A new career was born.
By 2008, Leali was back at his alma mater, with UNT bringing him on as a professor of jazz saxophone. He packed up his idea for Gospel Meets Jazz, along with a truckload of life-shaping experiences, and headed back to Denton, ready to mold the next generation of music aficionados.
He remembered his professors’ honest critiques and knew that was the kind of instructor he wanted to be. It’s not always easy, he says — bluntness can sometimes be misinterpreted as mean. But he teaches his students the ‘why’ of music just as much as he teaches the ‘how.’

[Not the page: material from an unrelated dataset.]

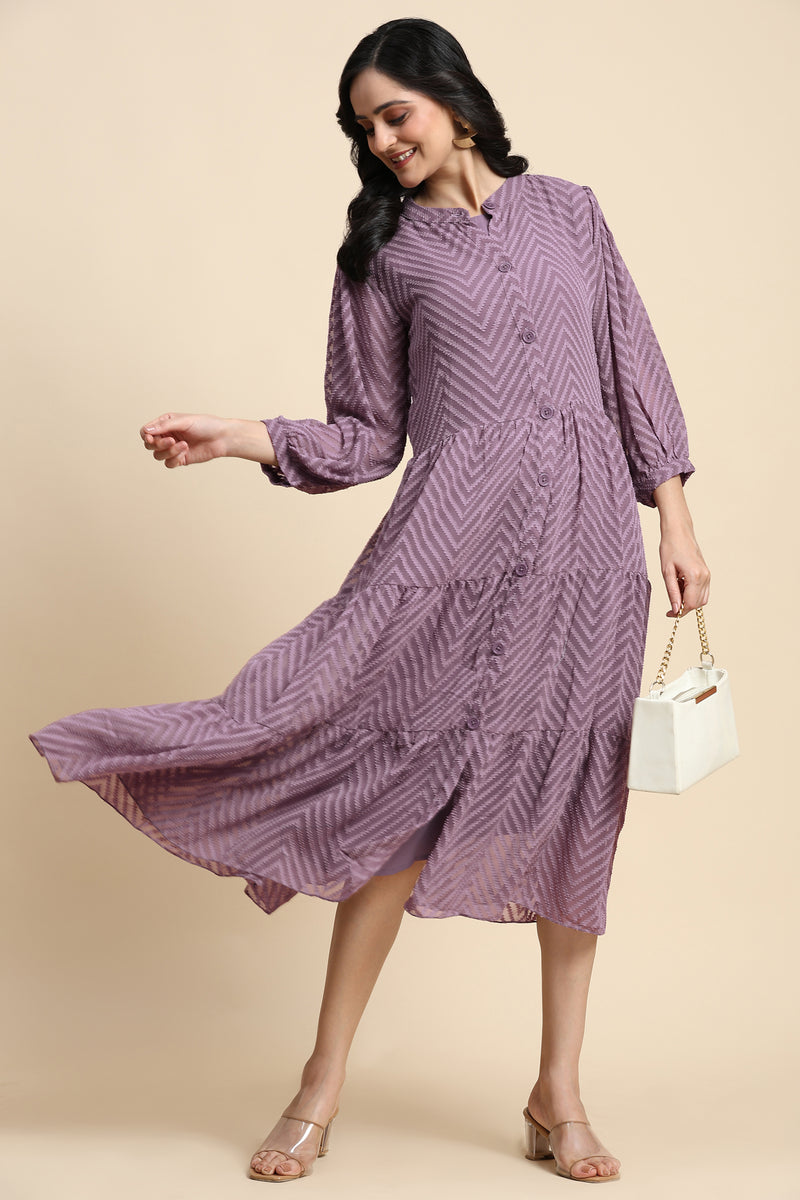 TRENDMALLS Shrug Dress for Women Brasso Midi Western Dress with Collar Neck Puff Sleeve Shrug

“I want them to contribute not only to our musical world, but to our world itself in a positive way, and that means being the best that they can be,” Leali says. “Once they know that, it’s not just about playing the scale, it’s ‘Let’s play it correctly, let’s practice, and let me tell you why it’s important.’ That’s what builds trust.”
And so does sharing his experiences, the things that made him love music in the first place. It’s clubs like Pierre’s, where fans from every generation listened and danced as jazz swirled from upstairs to down. It’s playing sax from the back of a truck bed at Denton’s first Jazzfest, when maybe only 500 people attended the entire festival. It’s the lifelong friendships born from a shared love of old-school jazz. It’s the gospel singers whose voices sliced through the air like knives through butter.
“Those memories are the things that make all of us unique. That’s why I tell my students to never lose sight of those,” Leali says. “Sometimes we try to be everyone else, and we forget who we are and our true beauty. Remember where you come from — and be proud of that.”